> _The problem_: A line below contains "Removal van and", and a later one contains "美琼【盲盒对对碰猪猪】精致手工DIY手机单链条". Repeat both, with every line between them, exactly.

> _Source data_:
== Segment start ==

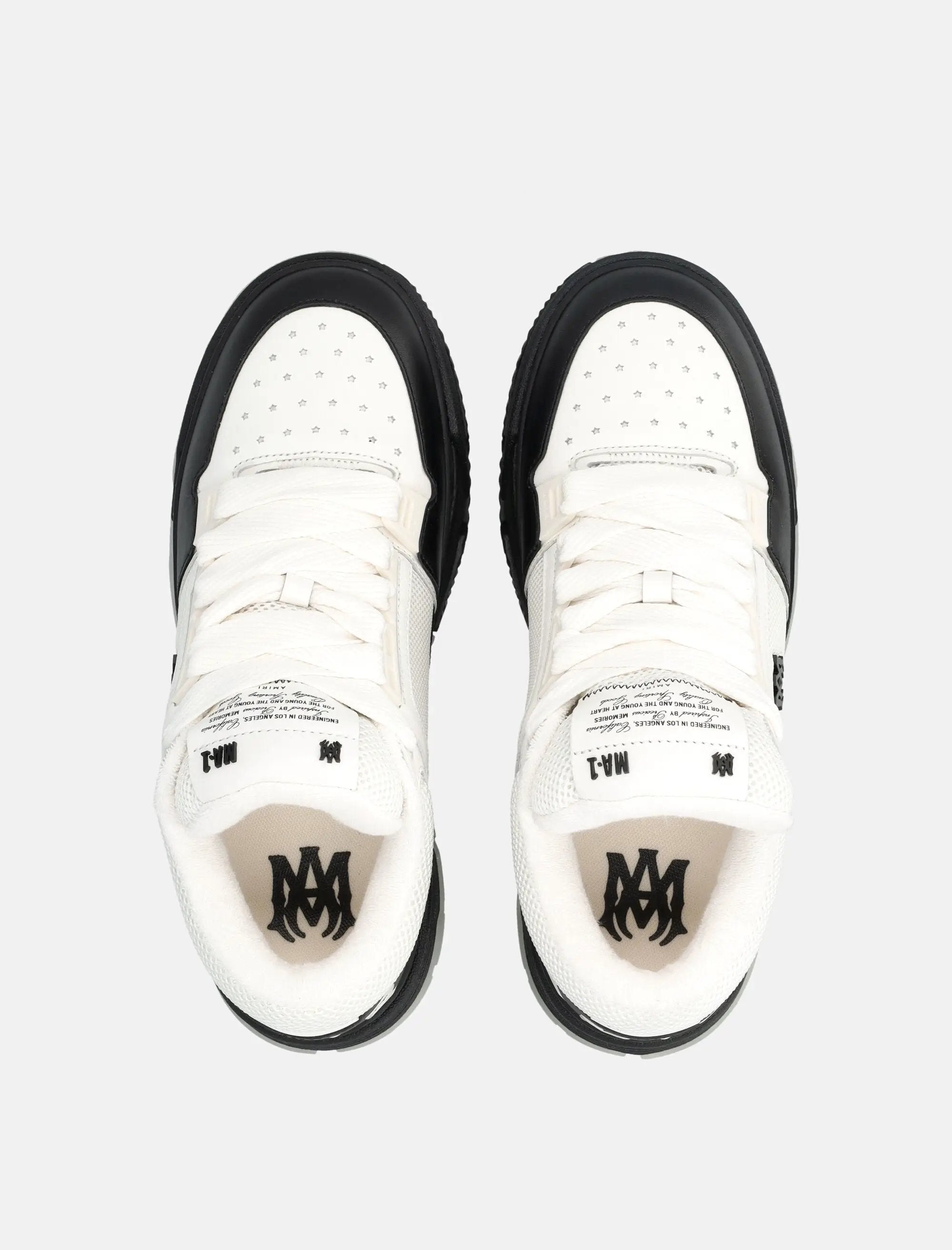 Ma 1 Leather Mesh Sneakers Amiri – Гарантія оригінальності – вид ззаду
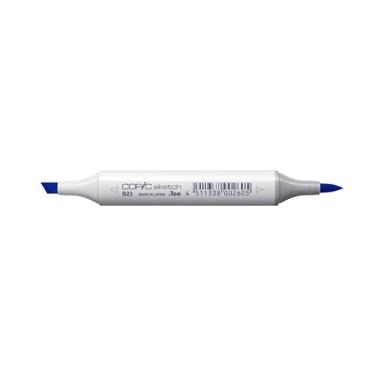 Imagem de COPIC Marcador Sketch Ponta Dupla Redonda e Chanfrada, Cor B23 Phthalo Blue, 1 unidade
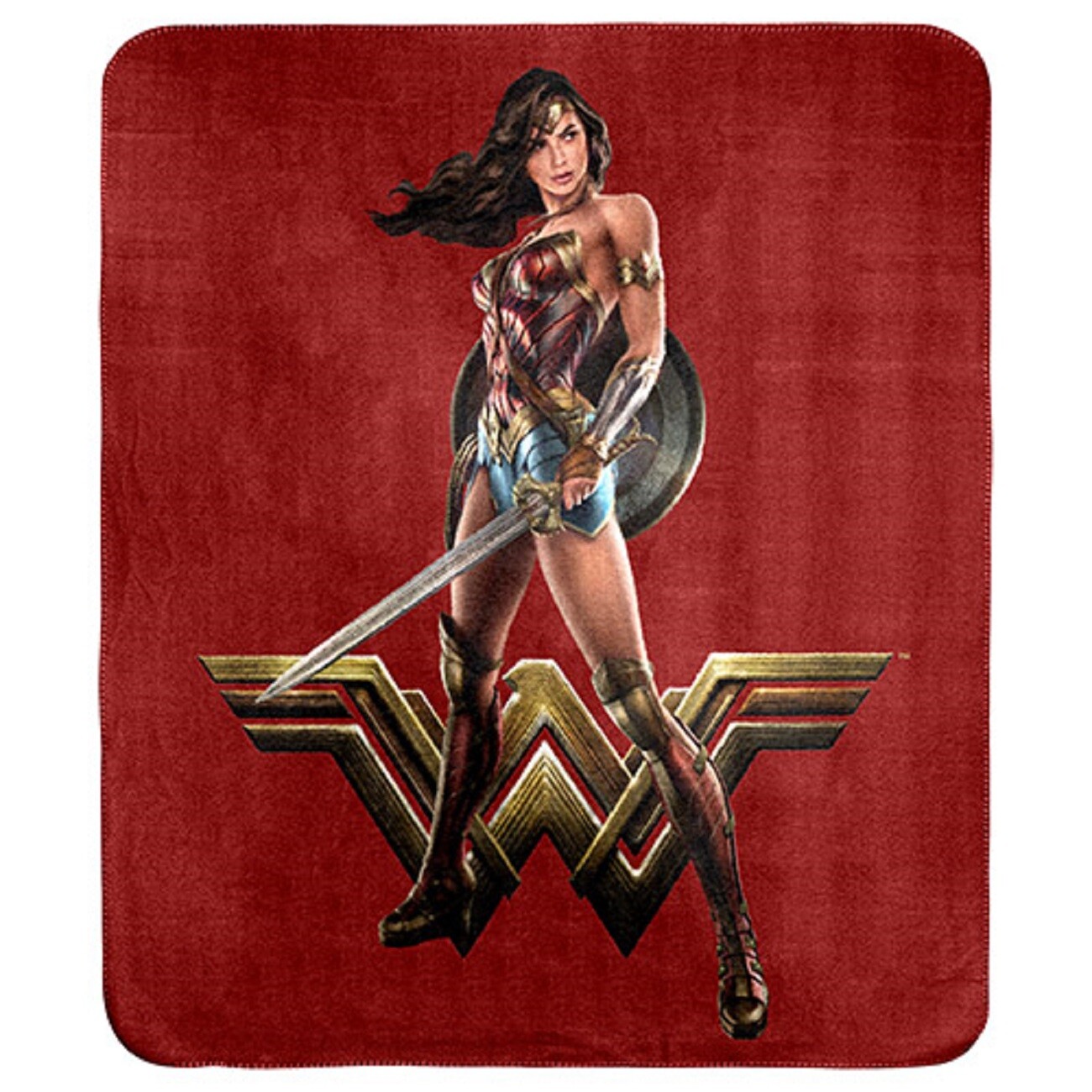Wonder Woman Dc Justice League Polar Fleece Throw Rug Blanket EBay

== Segment end ==
== Segment start ==

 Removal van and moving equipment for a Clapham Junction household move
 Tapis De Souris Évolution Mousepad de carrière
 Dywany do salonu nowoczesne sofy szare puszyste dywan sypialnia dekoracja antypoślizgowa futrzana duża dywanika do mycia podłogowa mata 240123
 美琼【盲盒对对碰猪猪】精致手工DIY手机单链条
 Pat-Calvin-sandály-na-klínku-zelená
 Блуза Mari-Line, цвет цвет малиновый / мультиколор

== Segment end ==

> _Expected answer_:
 Removal van and moving equipment for a Clapham Junction household move
 Tapis De Souris Évolution Mousepad de carrière
 Dywany do salonu nowoczesne sofy szare puszyste dywan sypialnia dekoracja antypoślizgowa futrzana duża dywanika do mycia podłogowa mata 240123
 美琼【盲盒对对碰猪猪】精致手工DIY手机单链条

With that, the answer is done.